Son successeur, François Mitterrand est féru de sport. Tous les matins, il lit L'Équipe, mais on n'en saura rien. C'est une passion considérée comme honteuse : un président ne s'intéresse pas à ces futilités. Ses prises de parole sur le football sont donc rares.
Le sacre de la France en 1998, un changement radical
Tout cela change à un été particulier : en 1998, lors de la victoire de l'équipe de France à la Coupe du monde 1998. Jacques Chirac est alors président de la République. Lionel Jospin est son Premier ministre, dans un gouvernement de cohabitation. En pleine liesse populaire, le Mondial vire au duel. Jospin attaque le premier : "J'ai commencé ma carrière sportive comme goal." Jacques Chirac lui répond : "J'aurais beaucoup aimé être goal."
Lionel Jospin aime le sport, Jacques Chirac aime les sportifs ... sans forcément connaître leurs noms. Il fait mine de hurler le nom des joueurs lors du détail de la composition d'équipe française alignée en finale contre le Brésil. Une séquence devenue culte.
La décennie 2 000, le football français en crise
Ce temps béni où le football fédère, rassemble, réconcilie s'interrompt. L'espoir politique et social de la France black, blanc, beur est douché. Le 6 octobre 2001, le match amical France-Algérie disputé au Stade de France dégénère. La Marseillaise est sifflée, le terrain envahi. La France métisée est oubliée, la paranthèse d'une nation rassemblée se referme.
À l'été 2010, c'est la grève de Knysna qui ridiculise le football français. Les footballeurs de l'équipe de France refusent de descendre du bus et de s'entraîner. Le fiasco sportif devient une affaire d'État. "Si les événéments qui ont été rapportés par la presse sont exacts, ils sont inacceptables", condamne Nicolas Sarkozy, alors président de la République.
Je ne peux que constater comme vous le désastre avec une équipe de France où des caïds immatures commandent à des gamins apeurés
Roselyne Bachelot, ministre des Sports à l'époque
Le footballeur, figure du "héros"
Un devoir d'exemplarité est exigé des footballeurs français, tant ils cristallisent les espoirs et les failles d'un pays en panne d'intégration. L'actuel président de la République, Emmanuel Macron, convoque la figure du modèle, du héros avant la Coupe du monde 2018. "Nos joueurs sont tous des modèles de réussite par le sport, de réussite républicaine. Quand on va dans les quartiers, le football fait partie de ces quelques sports qui permettent de donner une classe et de rêver qu'on a un avenir possible parce qu'on a des modèles", lance Emmanuel Macron, qui file la métaphore et se décrit en interview comme "un arrière-gauche, teigneux mais peu technique, plutôt du genre à ne rien lâcher, à motiver les autres".

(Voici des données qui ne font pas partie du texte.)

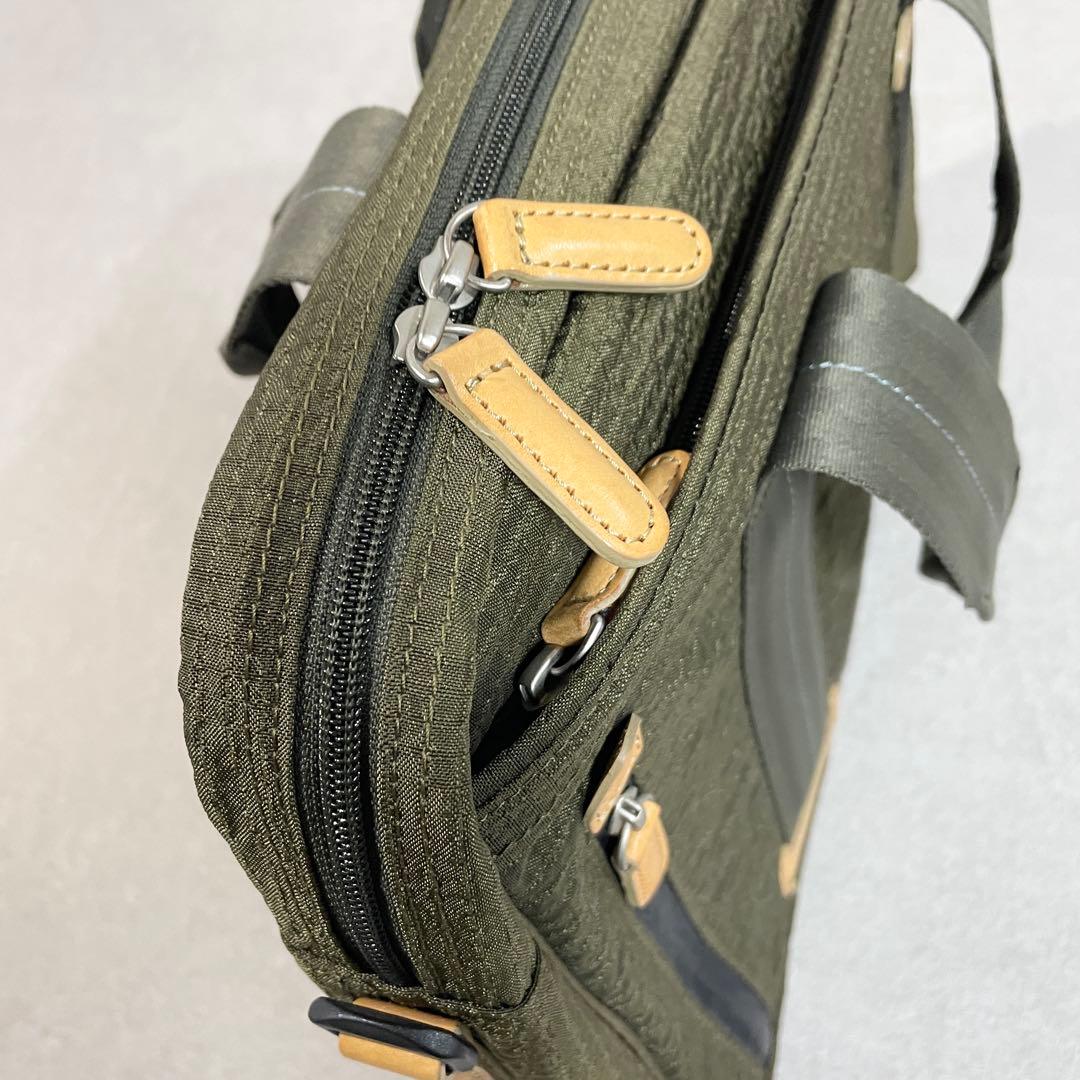 【極美品】ポールスミス ブリーフケース 2way オリーブ ナイロン×レザー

Dans le genre, François Hollande a beaucoup brillé. "Je n'étais pas vraiment doué pour le football. Je me suis fait cette conclusion, ça a été très pénible pour moi. Mais ce n'est pas pour autant que je me suis dit 'je vais faire président'", disait l'ancien chef de l'État.

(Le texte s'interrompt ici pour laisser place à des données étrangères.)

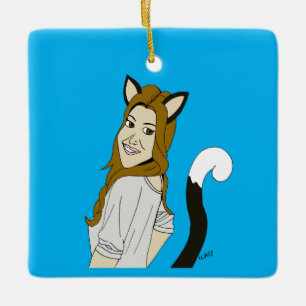 Ornement En Céramique catgirl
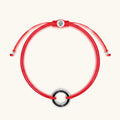 Spiritual Connection Black Enamel Karma Circle Red String Bracelet 4
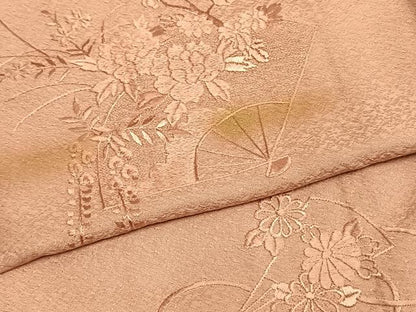 平和屋着物▽無地絵羽訪問着 単衣 総刺繍 扇面草花文 暈し染め 正絹 逸品 AAAZ9278fy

Les responsables politiques sont au diapason d'un pays qui vit, mange, respire football. En quelques années, le football est devenu incontournable dans le paysage politique et médiatique français. Bien loin de 1984, où le sacre de l'équipe de France au championnat d'Europe avait été relégué à la toute fin du sommaire du journal d'Antenne 2.